*Task details*:
When you restate the entries that follow, keep every word exactly and drop the pictures.

[Captioned web image data]
§

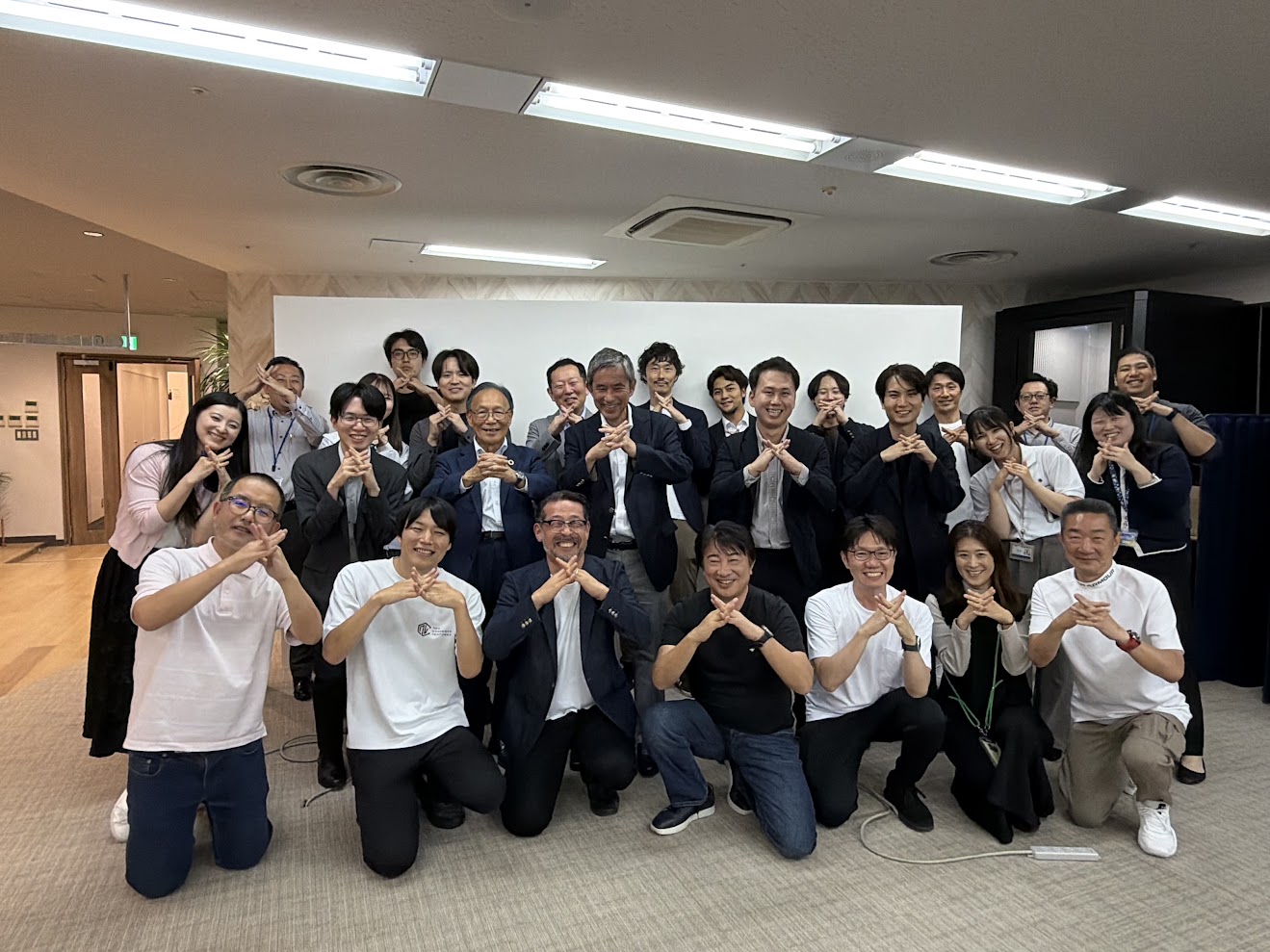 参加者と講師が対話するオープンアカデミー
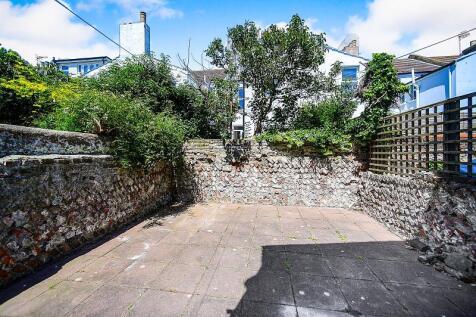 Byron Rear Patio
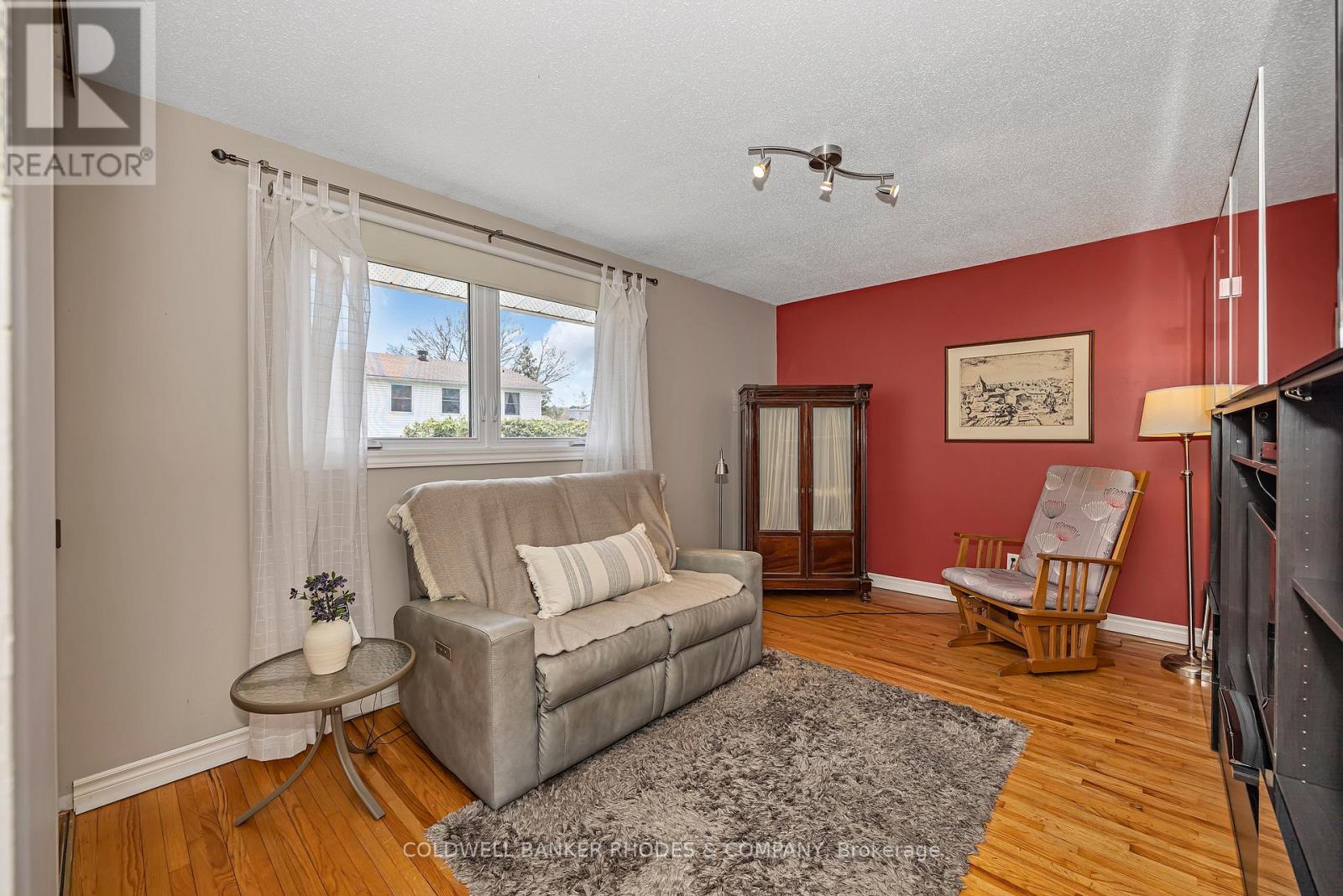 2047 Woodglen Crescent, Ottawa, Ontario  K1J 6G6 - Photo 18 - X13091184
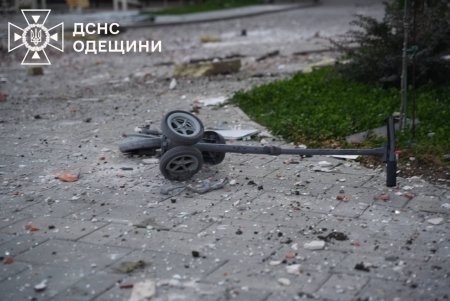 Ворог атакував Одесу ударними безпілотниками. Є постраждалі (фото)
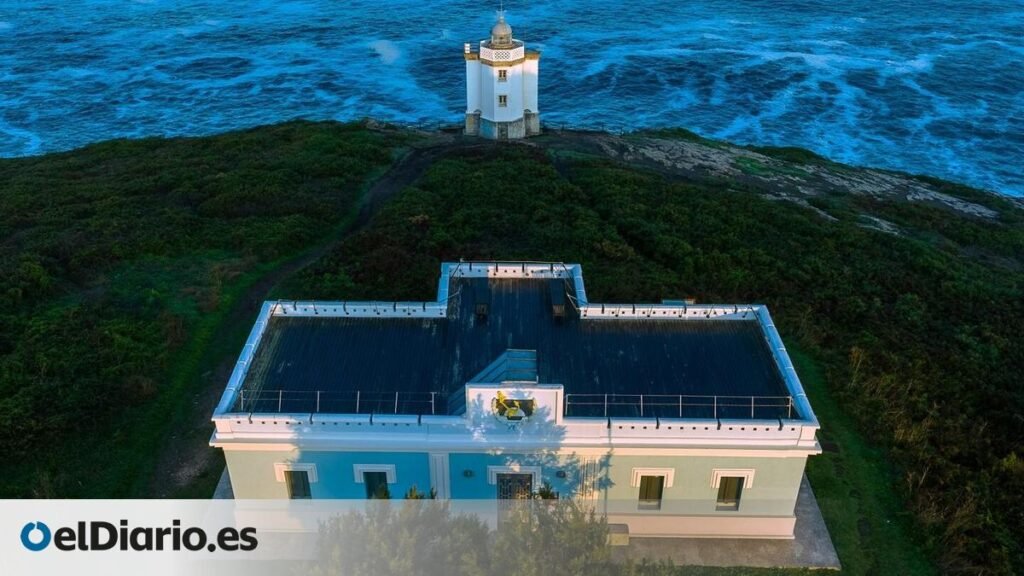 De 11 y 14 metros de altura, estos dos faros "hermanos" están separados por 300 metros y en medio vivía el farero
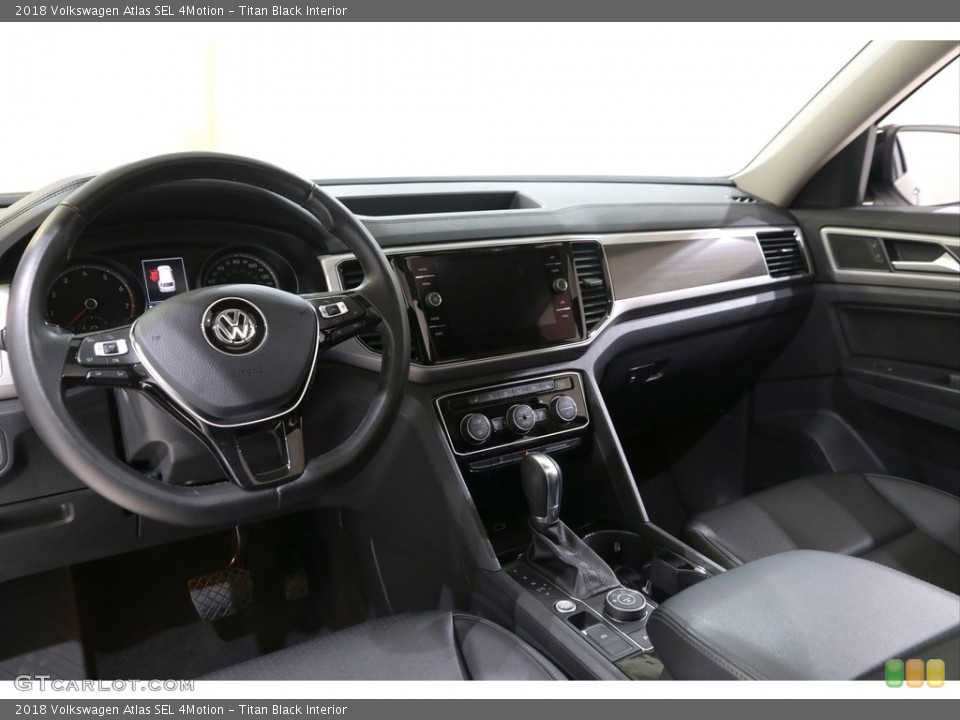 Titan Black Interior Dashboard for the 2018 Volkswagen Atlas SEL 4Motion #139861520
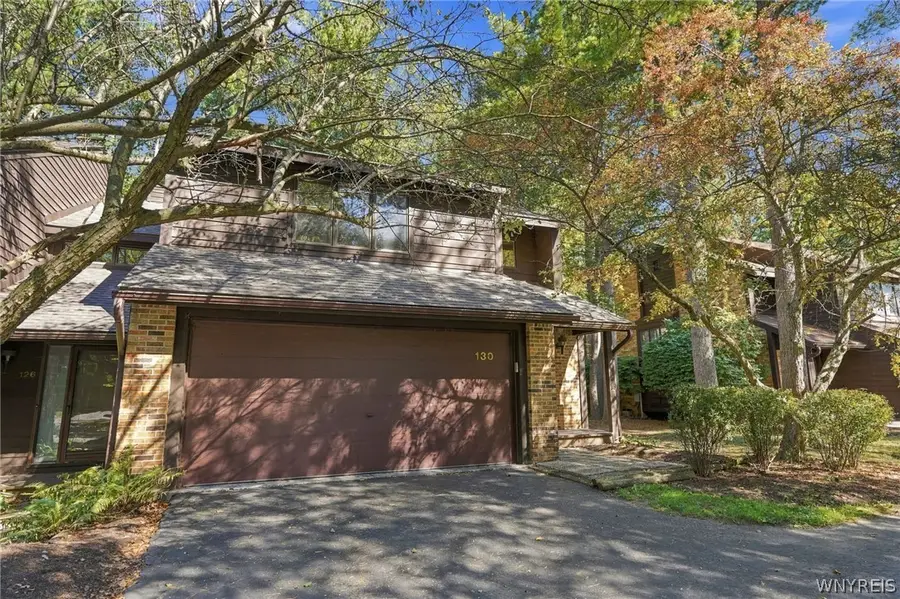 130 Breezewood, East Amherst, NY 14051 - #2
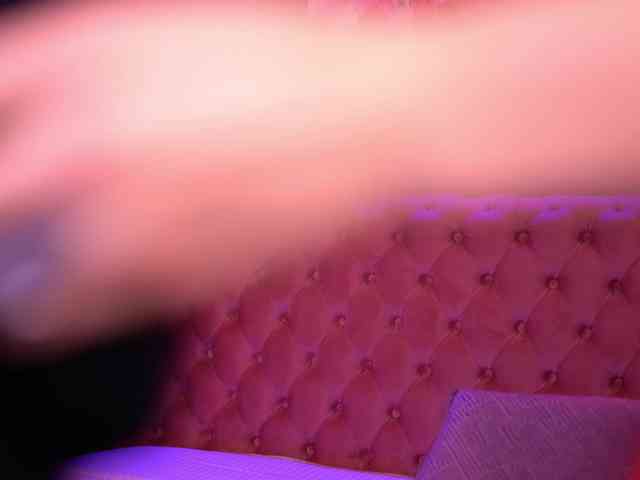 KimNaty webcam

§

*Expected answer*:
 参加者と講師が対話するオープンアカデミー
 Byron Rear Patio
 2047 Woodglen Crescent, Ottawa, Ontario  K1J 6G6 - Photo 18 - X13091184
 Ворог атакував Одесу ударними безпілотниками. Є постраждалі (фото)
 De 11 y 14 metros de altura, estos dos faros "hermanos" están separados por 300 metros y en medio vivía el farero
 Titan Black Interior Dashboard for the 2018 Volkswagen Atlas SEL 4Motion #139861520
 130 Breezewood, East Amherst, NY 14051 - #2
 KimNaty webcam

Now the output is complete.